STF AP 2434 AgR-terceiro

Rel. ALEXANDRE DE MORAESPrimeira Turmajulgado em 2024-11-19publicado em 2024-11-27
PROCESSUAL
PENAL E PROCESSUAL PENAL. OITIVA DE PROMOTORAS DE JUSTIÇA DO MINISTÉRIO PÚBLICO ARROLADAS COMO TESTEMUNHAS PELAS DEFESAS DE RÉUS. OFERECIMENTO DE DENÚNCIAS QUE ORIGINARAM AÇÕES PENAIS DIRETAMENTE VINCULADAS COM A AÇÃO PENAL NA QUAL ARROLADAS COMO TESTEMUNHAS. INTERVENÇÃO E ACOMPANHAMENTO DAS INVESTIGAÇÕES QUE RESULTARAM NA AÇÃO PENAL EM QUE ARROLADAS COMO TESTEMUNHAS. AGRAVO REGIMENTAL A QUE SE NEGA PROVIMENTO. 1. Nos termos do art. 258, do Código de Processo Penal, os órgãos do Ministério Público não funcionarão nos processos em que o juiz ou qualquer das partes for seu cônjuge, ou parente, consanguíneo ou afim, em linha reta ou colateral, até o terceiro grau, inclusive, e a eles se estendem, no que lhes for aplicável, as prescrições relativas à suspeição e aos impedimentos dos juízes. 2. No presente caso, os fatos narrados na denúncia, cujo recebimento originou esta Ação Penal, estão intrinsecamente relacionados com outras denúncias oferecidas pelas Promotoras de Justiça, de modo que não haveria como, nessas circunstâncias, serem elas aqui arroladas como testemunhas, haja vista que atuaram no inquérito que subsidiou o oferecimento da denúncia que originou esta Ação Penal e ofereceram outras denúncias, que deram origem a outras ações penais, todas vinculadas com o caso de que aqui se trata.
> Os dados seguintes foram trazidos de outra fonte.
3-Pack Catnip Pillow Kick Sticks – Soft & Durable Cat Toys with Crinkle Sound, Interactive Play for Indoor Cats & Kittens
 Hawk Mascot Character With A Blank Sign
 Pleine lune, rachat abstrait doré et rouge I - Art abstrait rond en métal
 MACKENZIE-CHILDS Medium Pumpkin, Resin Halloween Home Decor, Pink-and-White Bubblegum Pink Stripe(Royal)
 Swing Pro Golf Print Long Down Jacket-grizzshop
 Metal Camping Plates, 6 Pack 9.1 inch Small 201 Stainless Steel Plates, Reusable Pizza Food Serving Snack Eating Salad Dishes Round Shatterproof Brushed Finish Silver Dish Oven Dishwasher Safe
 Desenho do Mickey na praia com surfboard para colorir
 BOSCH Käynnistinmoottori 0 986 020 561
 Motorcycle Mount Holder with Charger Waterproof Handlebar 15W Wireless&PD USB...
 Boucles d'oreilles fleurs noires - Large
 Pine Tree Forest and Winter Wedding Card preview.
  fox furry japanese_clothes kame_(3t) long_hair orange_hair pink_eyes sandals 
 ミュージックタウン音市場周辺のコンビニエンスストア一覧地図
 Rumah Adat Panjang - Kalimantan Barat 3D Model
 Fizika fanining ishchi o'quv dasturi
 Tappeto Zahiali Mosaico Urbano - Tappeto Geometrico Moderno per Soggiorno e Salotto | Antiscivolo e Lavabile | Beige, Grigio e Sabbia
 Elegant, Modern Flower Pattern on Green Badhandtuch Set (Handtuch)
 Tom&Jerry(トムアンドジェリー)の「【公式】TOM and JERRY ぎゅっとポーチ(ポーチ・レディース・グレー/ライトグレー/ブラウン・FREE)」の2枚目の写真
Desdobramento investigativo por mera conveniência processual. 3. Inexistência de argumento minimamente apto a desconstituir os óbices apontados, decisão agravada cujos fundamentos não foram abalados pelas razões recursais. 4. Agravo Regimental a que se nega provimento.